Right: "We need an onboarding document for interns."
Work, school, and casual examples (more)
- Work: "Create a 30-60-90 onboarding plan so managers know what to expect."
- Work: "Onboarding new vendors requires security reviews and contract checks."
- Work: "The onboarding session will introduce company values and workflows."
- School: "Freshman onboarding includes campus tours and adviser meetings."
- School: "Course onboarding helps students access lecture materials and submit assignments."
- School: "Faculty onboarding covers grading policies and classroom tools."
- Casual: "I finished the app onboarding and set up my profile."
- Casual: "When onboarding friends to the board game, explain the rules clearly."
- Casual: "Onboarding a new dog into the household takes patience and a routine."
How to fix your own sentence
Quick steps to correct spacing and tone without awkward edits:
- Step 1: Read the full sentence and identify whether you mean the process of integrating (onboarding) or the literal phrase "on board."
- Step 2: Replace the phrase with the standard form that matches the part of speech (onboarding; on board; onboard/on-board as adjective if necessary).
- Step 3: Reread and polish the sentence for natural flow; sometimes a small rewrite improves clarity more than a literal swap.
Examples of simple rewrites:
- Original: "Is on boarding included in the schedule?"
Rewrite: "Is onboarding included in the schedule?" - Original: "We were on boarding the bus when it started raining."
Rewrite: "We were on board the bus when it started raining." - Original: "On boarding new users is our priority."

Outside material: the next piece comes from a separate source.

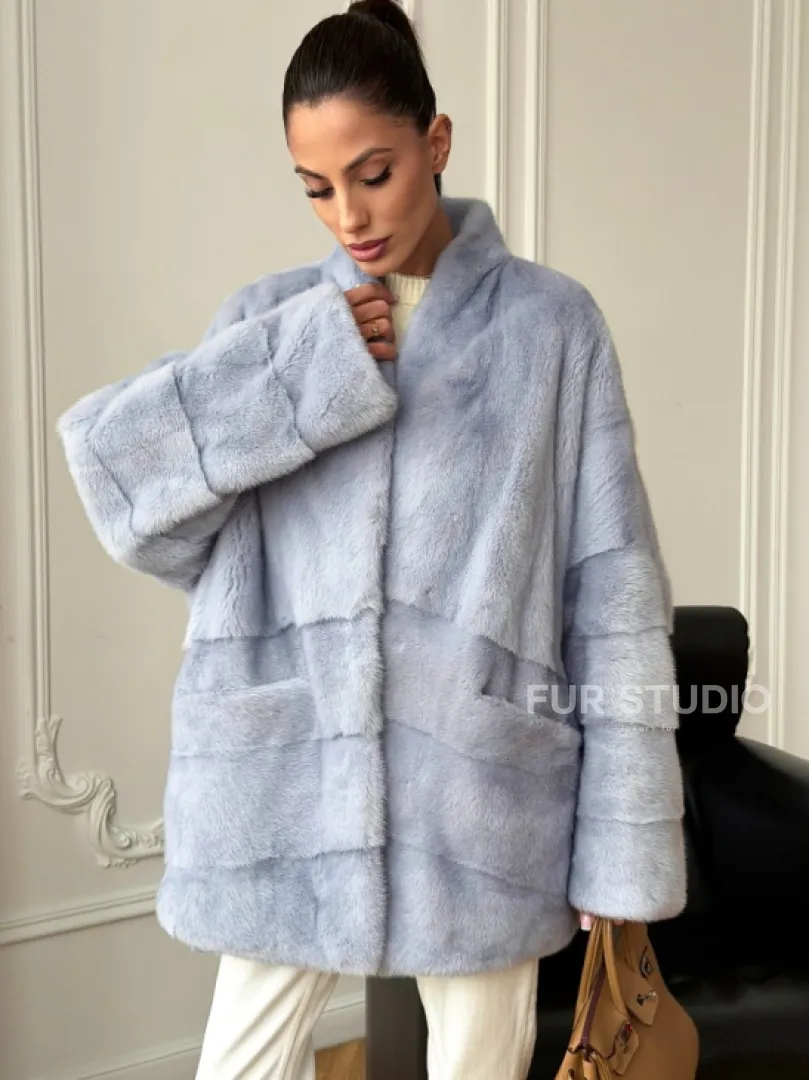 Голубая норковая шуба - жакет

Rewrite: "Onboarding new users is our priority."
Try your own sentence
Paste a full sentence into the widget below to check whether "onboarding," "on board," or "on-board" fits best.
A simple memory trick
Link the written form to the idea: picture "onboarding" as a single procedural package-checklist, training, and introductions all bundled together. If you can visualize it as one unit, use one word.
- Think: onboarding = process; on board = aboard; on-board = adjective.

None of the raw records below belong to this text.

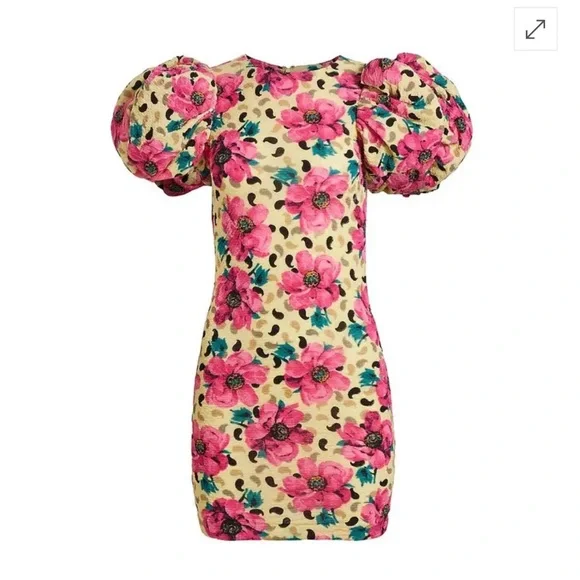 ROTATE Birger Christensen Ruby Floral-Print
Puff-Sleeve Mini Dress 38 - Picture 5 of 7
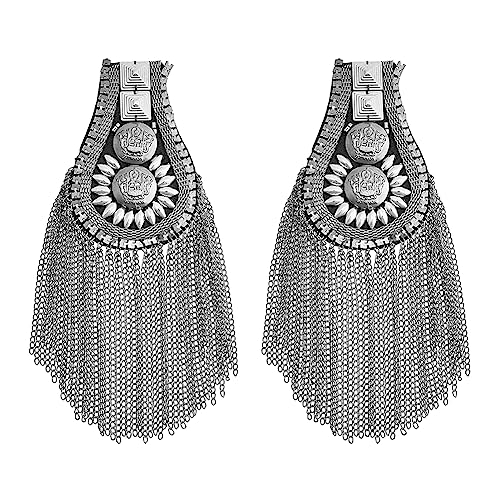 SUPERFINDINGS 2 Stück Nietenkette Mit Quaste Für Die Schulter Modischer Schultergurt Kettenabzeichen Mit Eisenketten Gunmetal Und PlatinStoffzubehör SUPERFINDINGS 2 Stück Nietenkette Mit Quaste Für Die Schulter Modischer Schultergurt Kettenabzeichen Mit Eisenketten Gunmetal Und PlatinStoffzubehör von SUPERFINDINGS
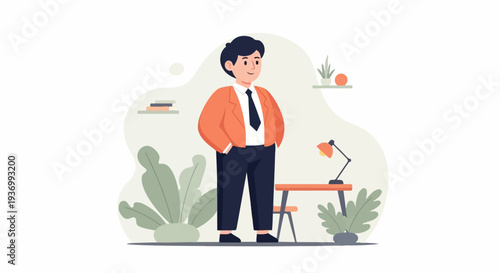 A smiling person in an orange jacket and tie stands in a room with plants and a desk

- When you spot "on boarding," pause and ask whether the meaning is procedural or spatial.
Similar mistakes to watch for
Spacing and compound formation cause other common errors. Scan nearby text for related issues.
- open vs closed compounds (e.g., e-mail → email)
- hyphenation confusion (e.g., on-board vs onboard)
- verb vs noun forms (e.g., sign up vs signup vs sign-up)
- prepositional phrases mistaken for compounds (e.g., "in situ" vs "insitu")
FAQ
Is "onboarding" always one word?
For the process of integrating people or systems, yes: "onboarding" is the standard closed compound. For spatial meaning, use "on board" (two words).
When should I use "on-board" with a hyphen?
Hyphen use is diminishing. You might see "on-board" as an adjective in older texts; modern usage often prefers "onboard" or rephrasing to avoid awkward constructions.
Can I use "on boarding" in informal writing?
Even in informal contexts, "onboarding" reads as the familiar, correct form. "On boarding" still looks like a typing or spacing error unless you literally mean "on board."
How do I check multiple files for this mistake?
Search your drafts for the phrase "on boarding" and replace it with "onboarding" where appropriate, then review surrounding sentences for tone and flow.
What if a style guide demands a different form?
Follow the style guide. If it prefers "on-board" in a specific context, use that. Otherwise, "onboarding" is safe for general use.
Check the whole sentence before you send it
A short phrase can read differently inside a sentence. Spot-check the sentence for meaning and rhythm after you swap "on boarding" for "onboarding."
Small edits-replacing the word, adjusting verb form, or rephrasing-often make the sentence read smoothly and correctly.